Re: Over to Linux for me

Just returning the favour.

Why do all the Windows bores come out of the woodwork when ever there is a minuscule hiccup or niggle with Linux?

Could it be to gloat when the other guy is down?

If so.. Why do you get all the fun? I mean.. It isn't our fault you have no options like we do..

Coat

Re: Over to Linux for me

I don't think open sorcerers are ever going to stop telling you that you're weird for using Microsoft software.

It just looks odd, like your computer has been plugged into... the Twilight Zone!

Re: Over to Linux for me

Windows bores and Linux bores sound similar to me. When Windows 7 was in RC and I was saying how much I liked it all I heard was XP was just fine and Vista was crap so Windows 7 must be crap. Turned out to not be crap. I gloat now about my positive reviews.

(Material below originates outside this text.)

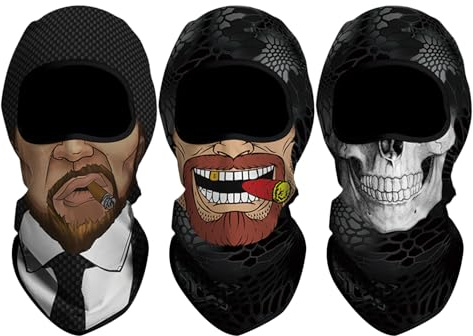 Angaekkot Sturmhaube Motorrad Vollgesichtsmaske - Sonnenschutz Gesichtshaube 3D Sturmmaske - Atmungsaktiv Schnell Trocknend Skimaske Sturmmaske Unisex Für Motorradfahren Skifahren Snowboarden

btw Ubuntu is installed, and I use it too. Why do folks have to be such freaky football fans about their OS? It is simply a tool in the box. Use what you want, but you better know it all.

You can turn metro off

Edit this key: edit this key to disable metro and get the normal desktop UI

HKEY_CURRENT_USER\Software\Microsoft\Windows\CurrentVersion\Explorer :: RPEnabled = 0

To be fair to microsoft this is a pre release version and I wouldn't expect the option to be so hidden in the future

Disclaimer: This info is 2nd hand info and I haven't tried it.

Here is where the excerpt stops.